You may know that when I began my inquiry into microfinance I found myself drawn into scrutinizing what were then the leading studies of the impact of microcredit. The strategy was to reproduce ("replicate") those studies on my own computer as well as I could. In 2009, I wrote a paper with Jonathan Morduch that built on his earlier work in this vein, and argued that the leading studies had not, after all, succeeded in measuring impacts. This reconciled the contradiction between those older positive studies, with their encouragingly positive results, and the randomized ones just emerging with more muted findings. The most important of the papers we examined is by Mark Pitt of Brown University and Shahidur Khandker of the World Bank (Pitt & Khandker, or PK).
Last March, Mark Pitt responded to our work, in a paper of his own that sought "to correct the substauntial damage that their claims have caused to the reputation of microfinance as a means of alleviating poverty." He pointed out two ways in which we had diverged in "replicating" PK. These explained certain differences between our results and PK's. Soon after, I posted a preliminary reply. Now Jonathan and I have responded in full.
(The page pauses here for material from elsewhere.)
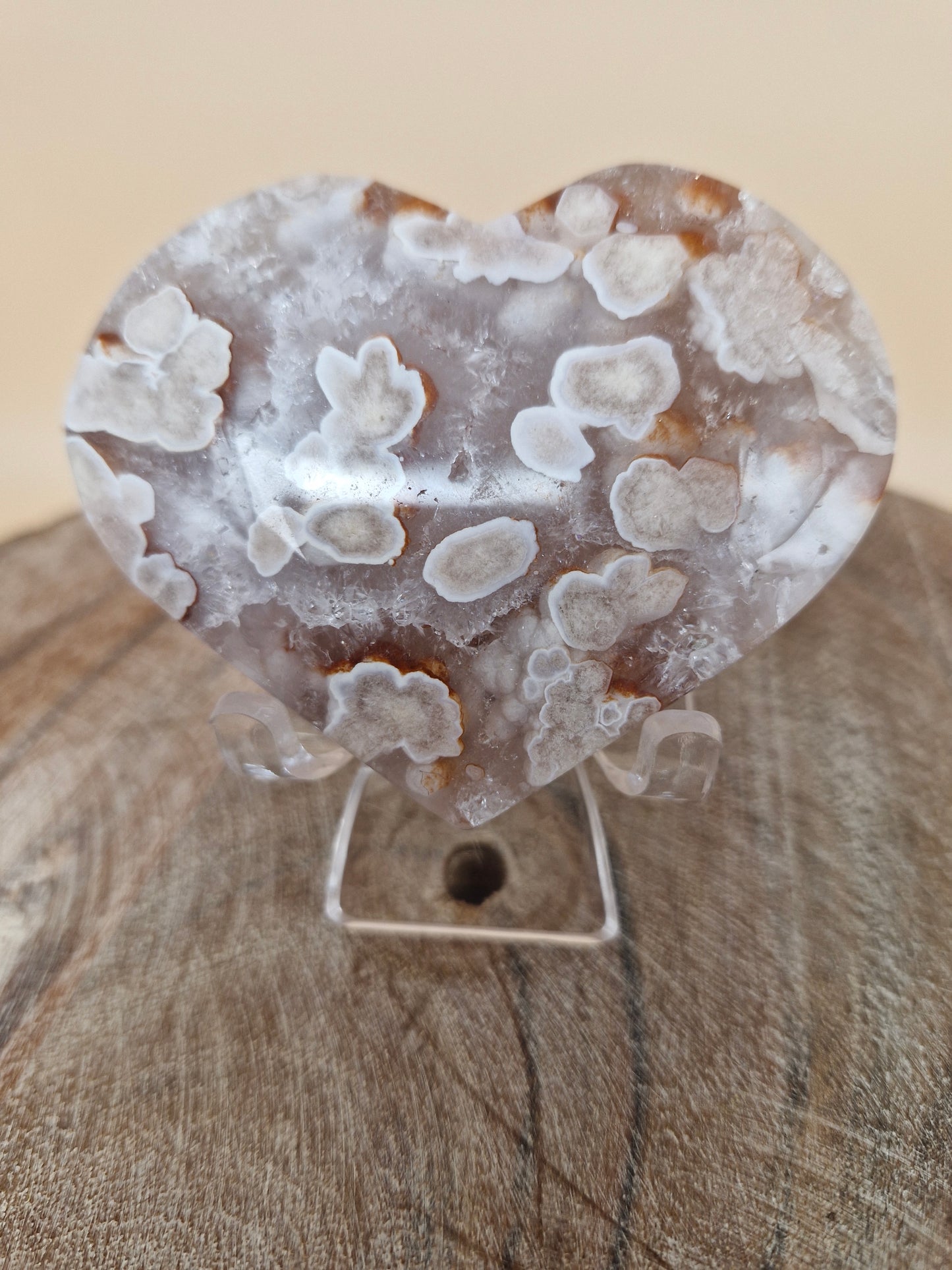 Pink Amethyst Flower Agate Heart (code PF2)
I think this latest volley is decisive. To give that claim credibility, I'll point out, as I did in the spring, that this is the first time that someone other than Mark Pitt has been able to closely reproduce the key statistical runs in PK. "That’s bound to lead to some interesting findings," I wrote. And it did. What we learned reinforces our original conclusion.
We have posted two papers. The first is a more or less point-by-point reply to Pitt's critiques, which we felt compelled to make because of the barbs about "fatal econometric errors," failing to use the data set he provided, etc. The second is a revamped analysis of PK, which incorporates Pitt's corrections and digs deeper. All data and computer code, as well as all files for the 2009 paper, are here.
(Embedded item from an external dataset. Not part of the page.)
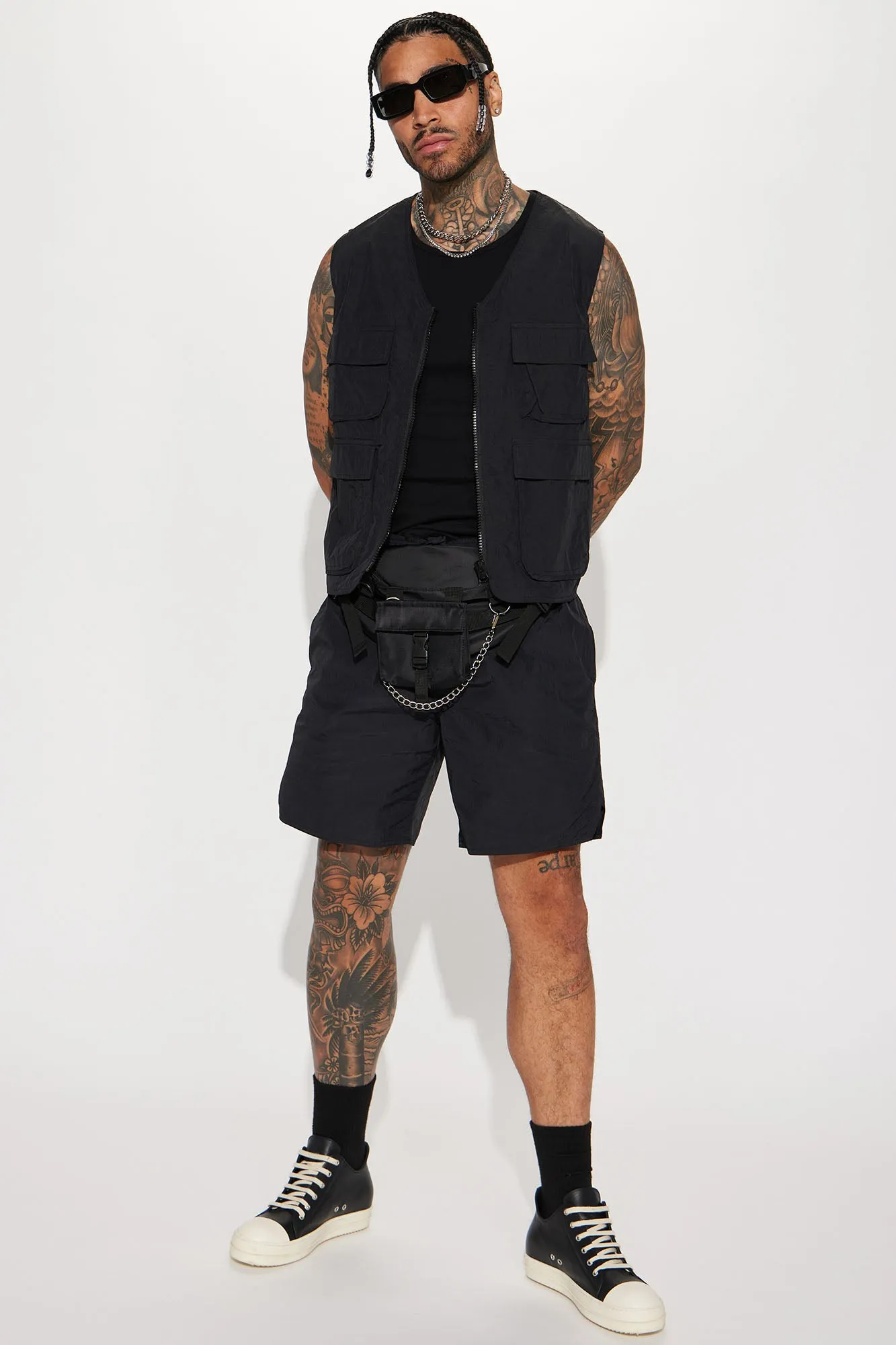 Batter Up Crinkle Nylon Utility Vest - Black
Here, for experts, I will quote from the conclusion of the new revamped paper. Then I'll explain one of our discoveries in something closer to regular English.
From the conclusion:
Pitt and Khandker (1998) is in many ways a brilliant study of an important question. But its econometric sophistication backfires. The study is hard to understand and its complexities hide several major problems. These include:
- an imputation for the log of the treatment variable when it is zero that is undocumented, influential, and arbitrary at the margin;
- the absence of a discontinuity that is asserted as central to identification;
- a reclassification of formally ineligible but borrowing households as eligible, which presumably introduces endogeneity into the asserted quasi-experiment;
- evidence of a linear relationship between the instruments and the error;
- evidence of instrument weakness, especially when microcredit borrowings are disaggregated by sex;
- disappearance of the results when villages where both genders could borrow are excluded;
- bimodality driven by 16 outliers from 14 households.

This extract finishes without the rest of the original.